● Task instructions: Pictures stay out of the output. Return exactly the lines below from the one with "Inflatable Striped Hammock, PVC, 135X70cm" down to the one with "可用于冷凍胚胎的解凍", both included, and nothing more.

● Input for this task:
• • • •
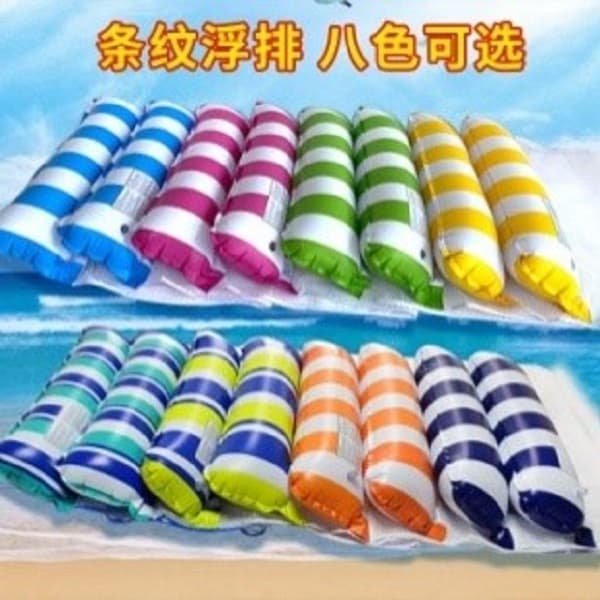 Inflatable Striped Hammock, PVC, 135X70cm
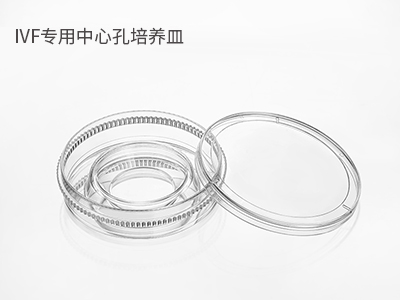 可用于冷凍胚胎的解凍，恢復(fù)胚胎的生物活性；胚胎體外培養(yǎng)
• • • •
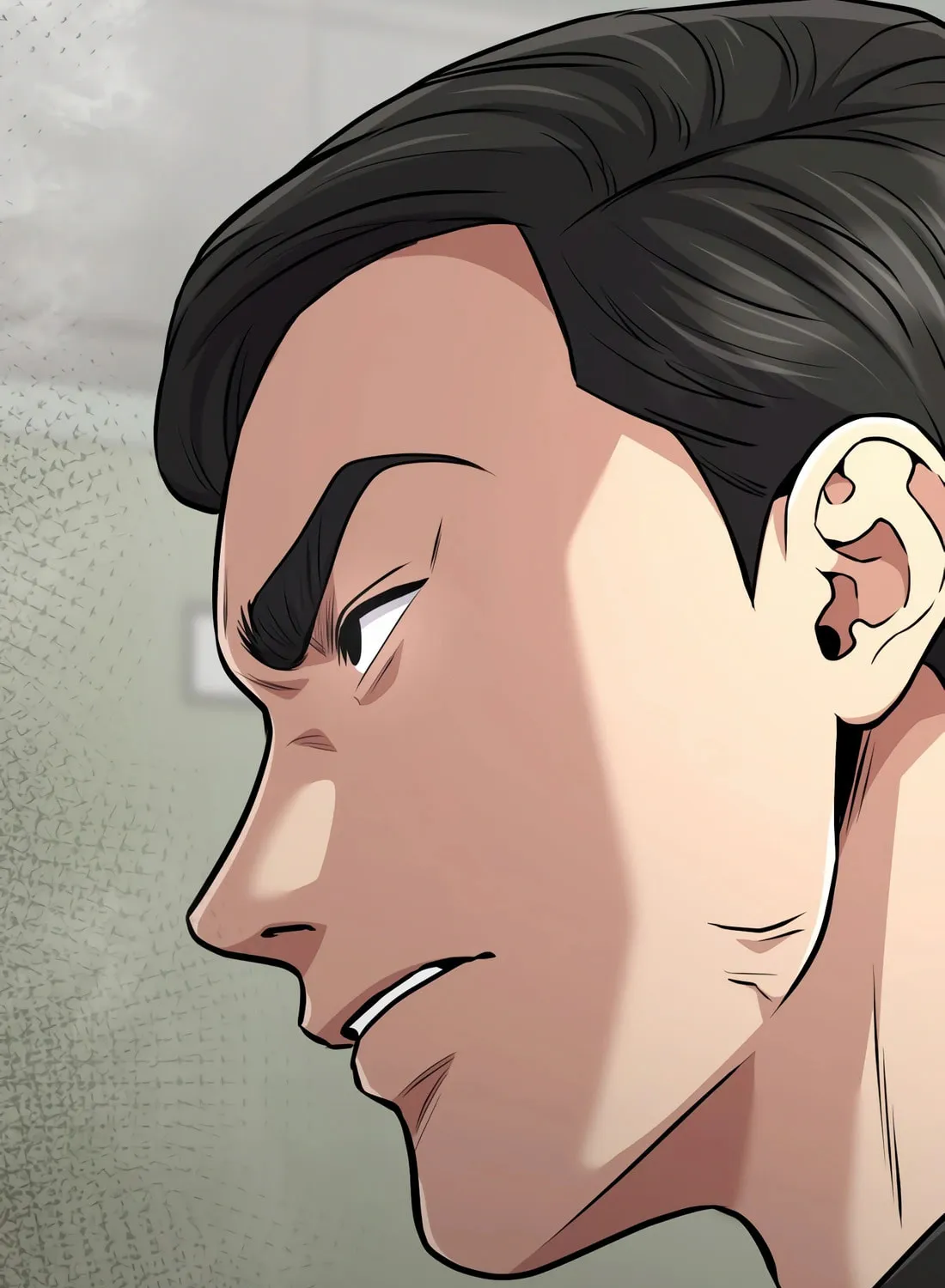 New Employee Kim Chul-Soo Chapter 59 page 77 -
• • • •
● Solution to this problem:
 Inflatable Striped Hammock, PVC, 135X70cm
 可用于冷凍胚胎的解凍，恢復(fù)胚胎的生物活性；胚胎體外培養(yǎng)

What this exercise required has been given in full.